Abstract
Aims/hypothesis
Several epidemiological studies have shown an increased risk of atrial fibrillation in individuals with type 2 diabetes or milder forms of dysglycaemia. We aimed to assess whether this relation is causal using a Mendelian randomisation approach.
Methods
Two-sample Mendelian randomisation was used to obtain estimates of the influence of type 2 diabetes, fasting blood glucose (FBG), and HbA1c on the risk of atrial fibrillation.
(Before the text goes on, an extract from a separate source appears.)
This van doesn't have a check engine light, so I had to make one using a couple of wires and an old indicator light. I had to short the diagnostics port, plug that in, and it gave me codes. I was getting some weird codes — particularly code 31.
Instrumental variables were constructed using available summary statistics from meta-analyses of genome-wide association studies (GWAS) for type 2 diabetes and associated phenotypes. Pleiotropic SNPs were excluded from the analyses. The most recent GWAS meta-analysis summary statistics for atrial fibrillation, which included over 1 million individuals (approximately 60,000 individuals with atrial fibrillation) was used for outcome analysis.
Results
Neither type 2 diabetes (OR 1.01 [95% CI 0.98, 1.03]; p=0.37), nor FBG (OR 0.95 [95% CI 0.82, 1.09] per mmol/l; p=0.49) or HbA1c (OR 1.01 [95% CI, 0.85, 1.17] per mmol/mol [%]; p=0.88) were associated with atrial fibrillation in Mendelian randomisation analyses. We had >80% statistical power to detect ORs of 1.08, 1.06 and 1.09 or larger for type 2 diabetes, FBG and HbA1c, respectively, for associations with atrial fibrillation.
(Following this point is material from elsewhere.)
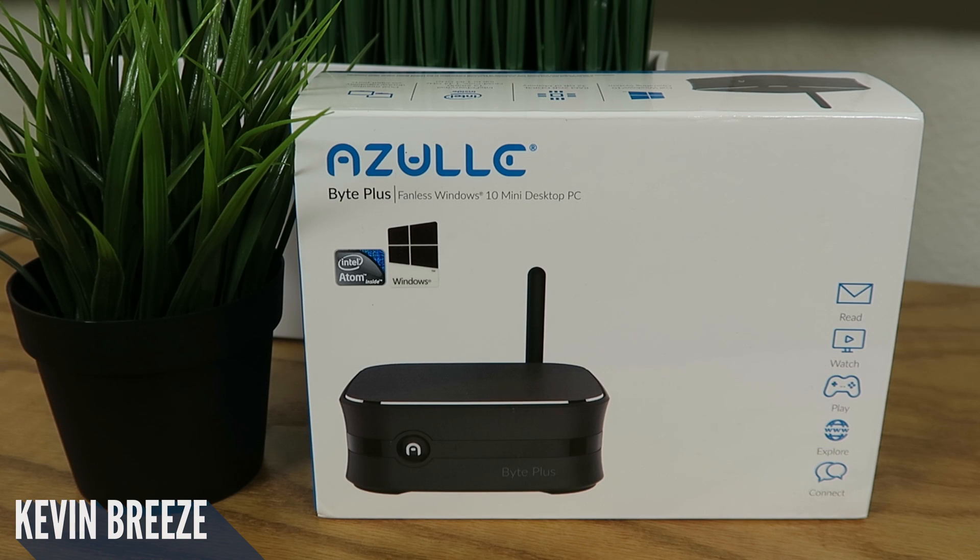Is a $170 mini PC worth it? Well sit back, relax, and see as we check out the Azul Byte Plus.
Conclusions/interpretation
This Mendelian randomisation analysis does not support a causal role of clinical significance between genetically programmed type 2 diabetes, FBG or HbA1c and development of atrial fibrillation. These data suggest that drug treatment to reduce dysglycaemia is unlikely to be an effective strategy for atrial fibrillation prevention.
Keywords: Atrial fibrillation, Genome-wide association, Mendelian randomisation, Type 2 diabetes
Introduction
Atrial fibrillation affects over five million Americans and is a major cause of stroke-related disability and mortality. Interventions to prevent the development of atrial fibrillation or the sequelae of this condition, such as timely initiation of anti-coagulant therapy, are urgently needed. There is strong epidemiological evidence of an independent association between type 2 diabetes and atrial fibrillation, with a 40% increase in risk of incident atrial fibrillation in individuals with type 2 diabetes after adjusting for major confounders, including obesity [1]. On the other hand, intensive glycaemic control in people with type 2 diabetes did not affect the rate of new-onset atrial fibrillation [2]. Compared with a fasting blood glucose (FBG) of <5.5 mmol/l, an FBG of 5.5–6.9 mmol/l increased the risk of incident atrial fibrillation by 16%, while an 11 mmol/mol (1%) increase in HbA1c increased this risk by 13% [3]. The evidence for an association between insulin resistance and atrial fibrillation is more controversial; the metabolic syndrome increases the risk of incident atrial fibrillation by 67%, whereas fasting insulin has generally not been shown to increase this risk [4].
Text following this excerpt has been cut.